Infarct Fibroblasts Do Not Derive From Bone Marrow Lineages

Affiliations

Infarct Fibroblasts Do Not Derive From Bone Marrow Lineages

Thomas Moore-Morris et al. Circ Res. .

Abstract

Rationale: Myocardial infarction is a major cause of adult mortality worldwide. The origin(s) of cardiac fibroblasts that constitute the postinfarct scar remain controversial, in particular the potential contribution of bone marrow lineages to activated fibroblasts within the scar.

Objective: The aim of this study was to establish the origin(s) of infarct fibroblasts using lineage tracing and bone marrow transplants and a robust marker for cardiac fibroblasts, the Collagen1a1-green fluorescent protein reporter.

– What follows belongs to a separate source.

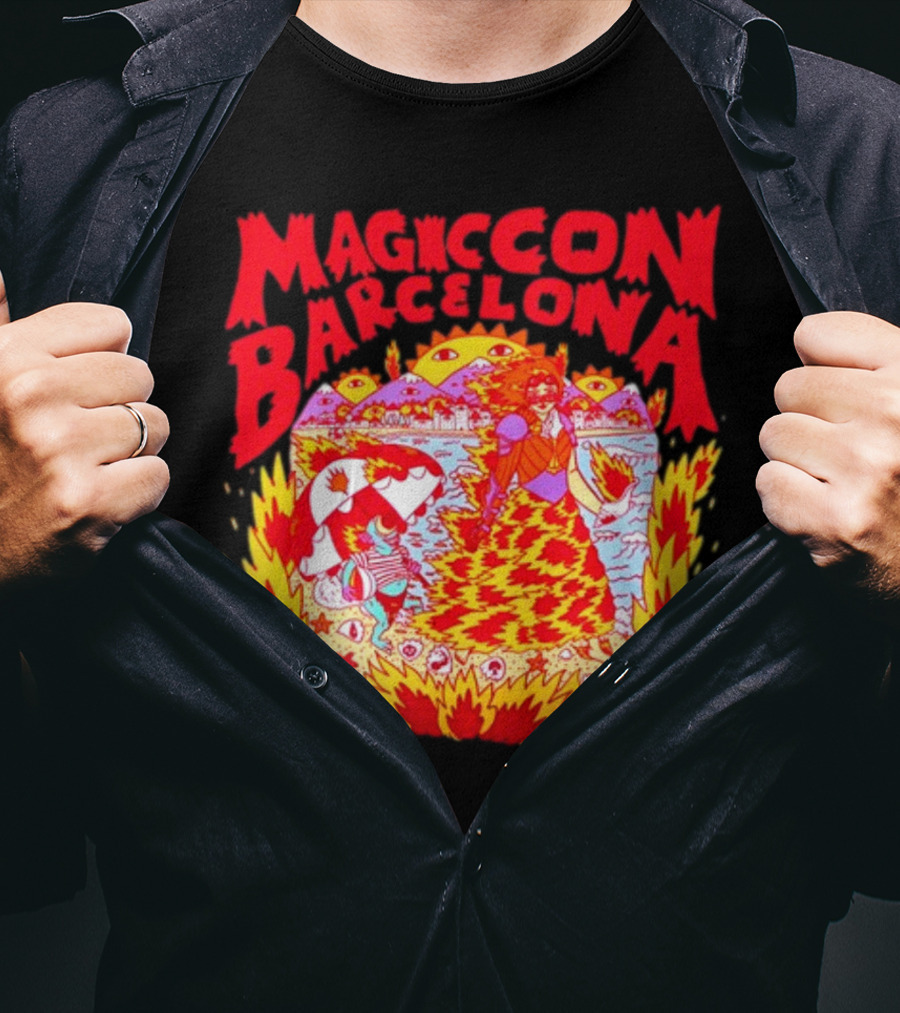 Magiccon Barcelona Vibrant Psychedelic Inferno T-Shirt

Methods and results: Using genetic lineage tracing or bone marrow transplant, we found no evidence for collagen-producing fibroblasts derived from hematopoietic or bone marrow lineages in hearts subjected to permanent left anterior descending coronary artery ligation. In fact, fibroblasts within the infarcted area were largely of epicardial origin. Intriguingly, collagen-producing fibrocytes from hematopoietic lineages were observed attached to the epicardial surface of infarcted and sham-operated hearts in which a suture was placed around the left anterior descending coronary artery.

Conclusions: In this controversial field, our study demonstrated that the vast majority of infarct fibroblasts were of epicardial origin and not derived from bone marrow lineages, endothelial-to-mesenchymal transition, or blood. We also noted the presence of collagen-producing fibrocytes on the epicardial surface that resulted at least in part from the surgical procedure.

Keywords: bone marrow; fibroblasts; fibrosis; heart diseases; myocardial infarction.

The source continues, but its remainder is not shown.